▶ Work item
Below this line is a listing that includes pictures. Copy exactly, and only, the lines from the one containing "Yerli-yabancı tekeller büyüyor." through the one containing "タイトリスト Titleist　アスパイア　メンズ キャディバッグ"; the pictures do not go in the copy.

▶ Source material
>>>>>

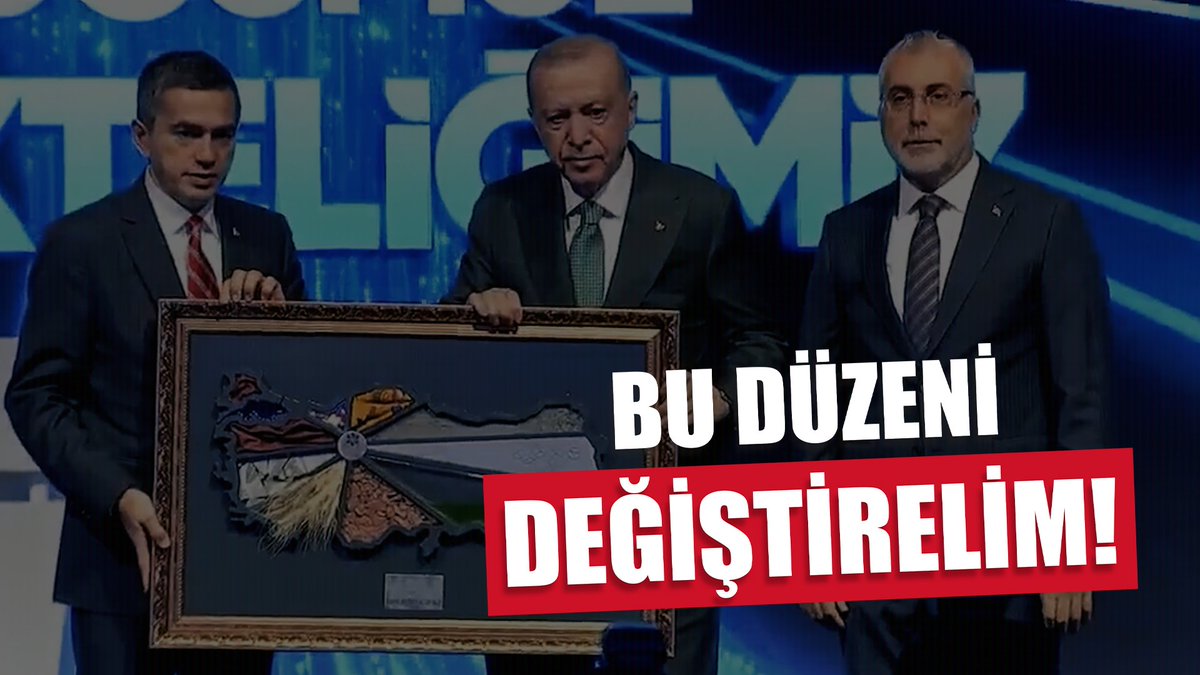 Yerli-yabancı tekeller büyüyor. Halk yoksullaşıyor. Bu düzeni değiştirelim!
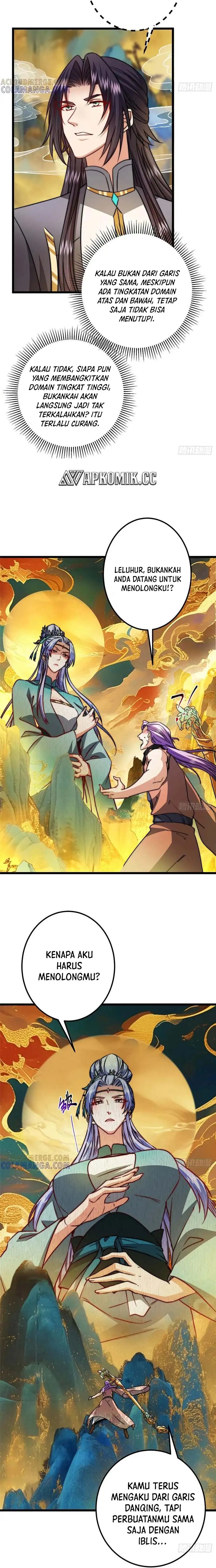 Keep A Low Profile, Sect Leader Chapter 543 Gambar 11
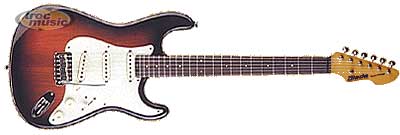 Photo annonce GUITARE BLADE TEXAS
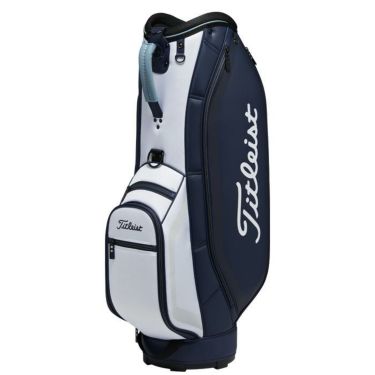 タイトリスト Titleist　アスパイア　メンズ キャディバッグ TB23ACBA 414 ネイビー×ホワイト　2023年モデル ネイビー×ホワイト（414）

<<<<<
>>>>>

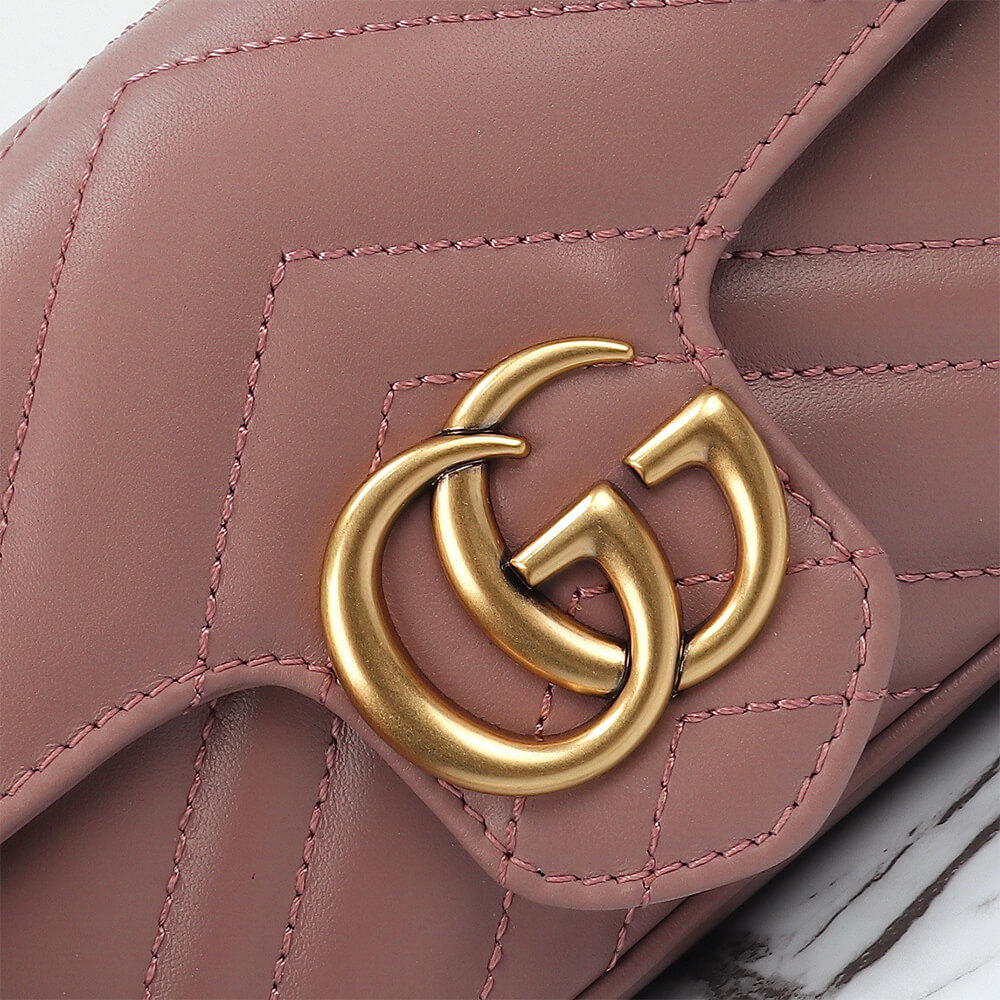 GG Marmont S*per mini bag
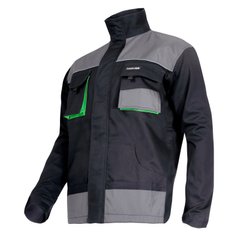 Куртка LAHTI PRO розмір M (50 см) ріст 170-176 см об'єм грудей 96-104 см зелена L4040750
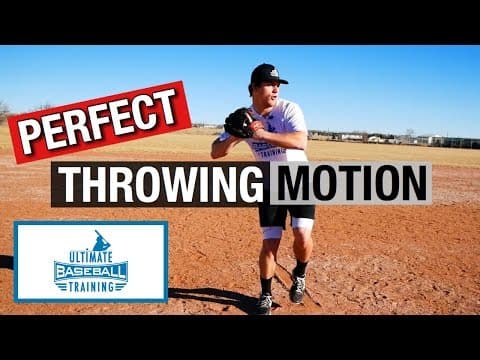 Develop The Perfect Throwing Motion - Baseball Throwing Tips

<<<<<
>>>>>

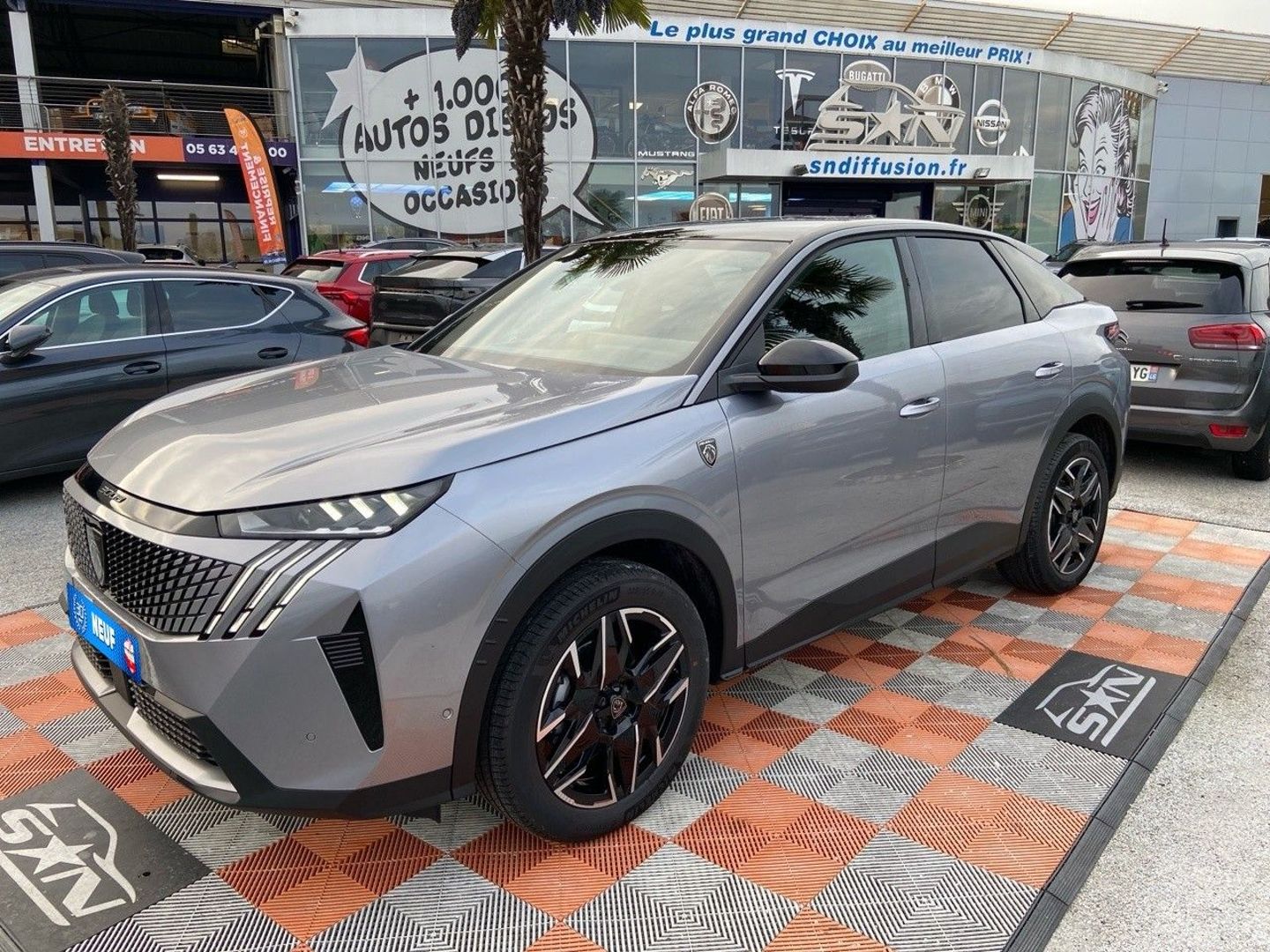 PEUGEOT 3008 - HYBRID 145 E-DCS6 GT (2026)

<<<<<

▶ Response area
 Yerli-yabancı tekeller büyüyor. Halk yoksullaşıyor. Bu düzeni değiştirelim!
 Keep A Low Profile, Sect Leader Chapter 543 Gambar 11
 Photo annonce GUITARE BLADE TEXAS
 タイトリスト Titleist　アスパイア　メンズ キャディバッグ TB23ACBA 414 ネイビー×ホワイト　2023年モデル ネイビー×ホワイト（414）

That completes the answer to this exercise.